両神山には何度か登った。幕営がほとんどだった。一度妻と清滝小屋に泊ろうとしたことがあったが、あまりの混雑に辟易して急遽テント泊に切り替えたこともあった。いちばん思い出すのは、1980年の夏山トレーニング山行で、日向大谷口から登ろうとしてバスの回転場にテントを張った時のことである。まだ日が高い時間だったが、急に雷雨に襲われた。当時のテントはまだ一体化しておらず、グランドシートと屋根部が別だった。豪雨となってテントの中を水が流れた。しばらくして止んだ後。気がつくと沢蟹が何匹もテントの中を這っていたのである。丁重にお引き取り願ったが、このとき「ミズミズシイ」テントという言葉が生まれて、しばらく語り草となった。スケッチは両神山梵天尾根より眺めた奥秩父の山々。右から三宝山、甲武信岳・木賊山・雁坂嶺・唐松尾山・雲取山。手前が十文字峠から延びる白泰尾根。

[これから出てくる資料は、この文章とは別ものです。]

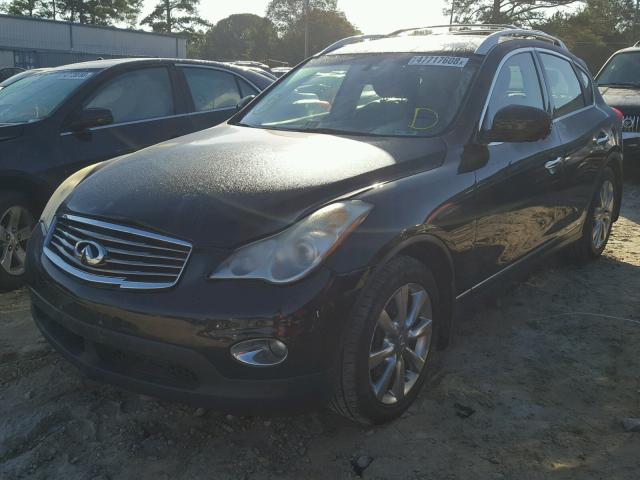 JNKAJ09FX8M361716 - 2008 INFINITI EX35 BASE BLACK photo 2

その後30年以上たって、両神が改めて忘れられない山となったことが生まれた。両神を愛した俳人金子兜太氏と話を交わしたことである。この時のことを旧著『幼な子とともに歩んで』に書いたが、ここに再録しておきたい。

金子兜太氏の講演は大好評でした。凄絶なトラック諸島での戦場体験の話を踏まえて、正義の戦争などない、人は自然に死ななければいけない、戦場で死んではいけないと強調されました。また、+
水脈(みお)の果炎天の墓碑を置きて去る
を紹介して、「戦争で死んでいった人たちに何とか報いたい。その道は戦争などという忌まわしいことのない自由な世の中を求める事にある、と思い定めていた。」といわれた苦渋の言葉は忘れられません。私たちはその言葉をしっかり受け止めて、金子氏といっしょに歩んで行きたいと思います。

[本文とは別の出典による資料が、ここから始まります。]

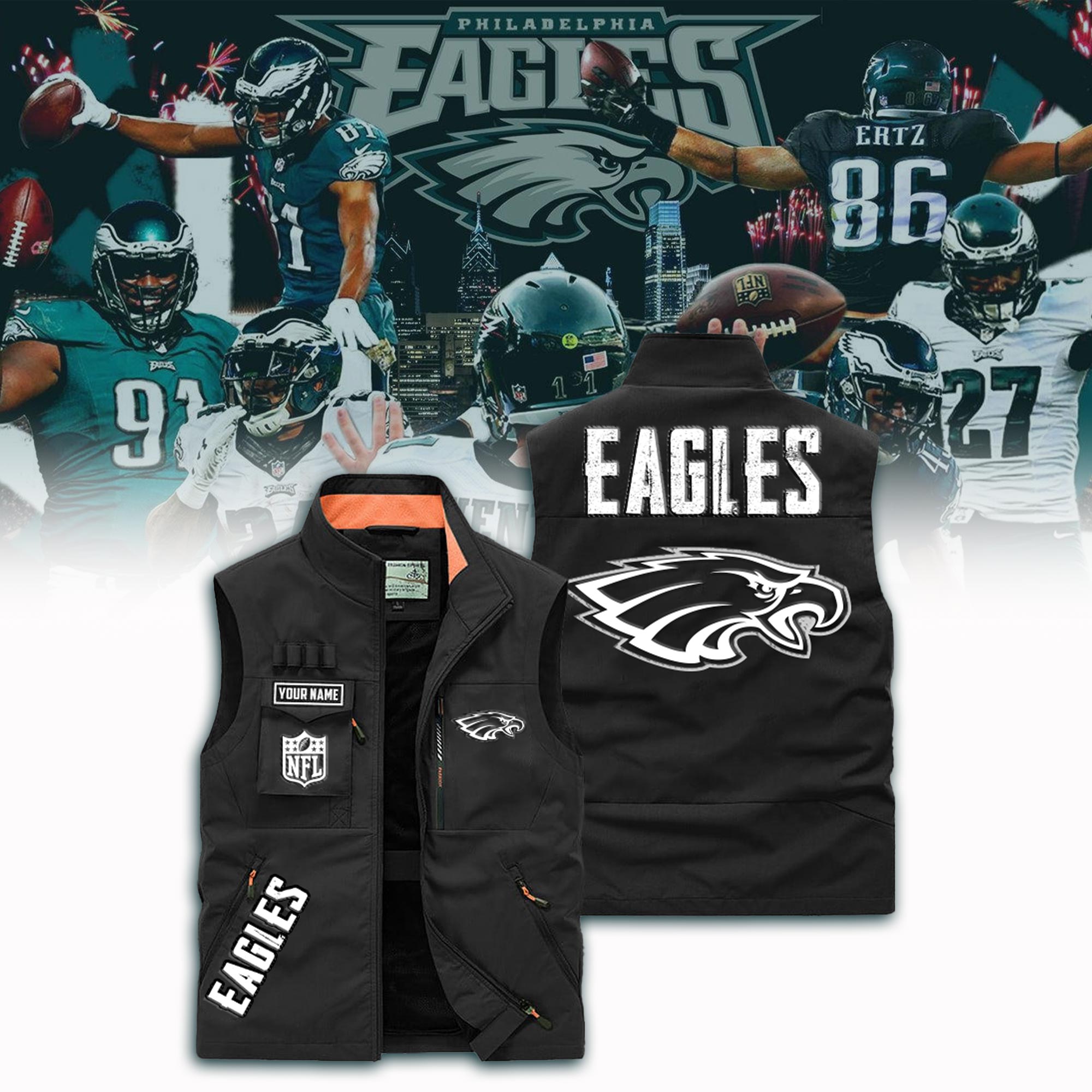Philadelphia Eagles   Frock Vest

今回私が金子氏を送迎する係りを希望しました。氏の作品を読む中で、私の中に結んだイメージは、現代俳句の旗手であること、戦争体験をご自身の生き方の原点としていること、これが氏の中で統一されていて、さらにそれを支えるものとして産土(うぶすな)・ふるさととしての秩父に対する愛着があることでした。講演に先立って氏の紹介をする事になった私は、事前にわたしのとらえ方について、氏の意見をお聞きしました。氏はそれでOKであるといってくれました。

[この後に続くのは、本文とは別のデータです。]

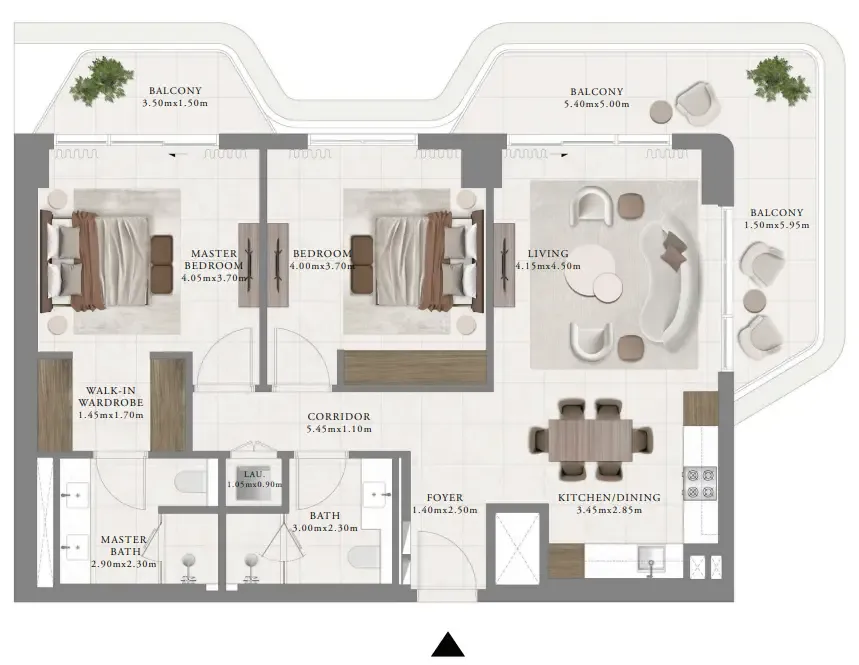2 bedroom layout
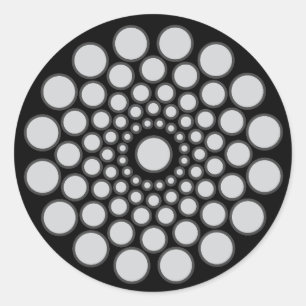 Mandala Center nur Vorlage Runder Aufkleber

その中で、とくに私は氏の秩父に対する思いをお聞きしたいという希望を持っていました。「七十歳代後半あたりから、生きものの存在の基本は『土』なり、と身にしみて承知するようになって、幼少年期をそこで育った山国秩父を『産土(うぶすな)』と思い定めてきた。」(『金子兜太自選句解99句』)という言葉は私の大好きなものです。ふるさとを慕う人は信じられるというのが私の人生観でもあります。
氏の
  おおかみを龍神と呼ぶ山の民
を挙げ、「私は、倭建命が秩父に向かう時に八日間見続けたことで、八日見が両神になったと学んできました。龍神が両神になったとする説はひじょうに魅力的です」というとうれしそうに頷いておられました。
私は最後のニホンオオカミといわれた剥製をみたことがあります。それは想像していたよりずっと小さく、ヨーロッパの赤頭巾ちゃんを一のみにしてしまう獰猛な狼とは似ても似つかぬものでした。山の民が龍神と呼んだということは、ニホンオオカミが山の民からある崇敬の念を持って眺められていた、人々の近くに生きていたことを表しているとおもわれます。写真は頂上両神神社の御神体を示す柱。「大神」は「狼」です。その山の民とは柳田國男がいうサンカ(マタギ)でしょうか。秩父出身の男に、両神山の麓にサンカの末裔が住んでいると聞いたことがあります。
サンカと称する者の生活に付ては、永い間に色々な話を聞いて居る。われわれ平地の住人との一番大きな相違は、穀物果樹家畜を当てにして居らぬ点、次には定まった場所に家の無いと云ふ
点であるかと思ふ。山野自然の産物を利用する技術が事のほか発達していたやうであるが、その多くは話としても我々には伝はって居らぬ。(柳田國男「山の人生」)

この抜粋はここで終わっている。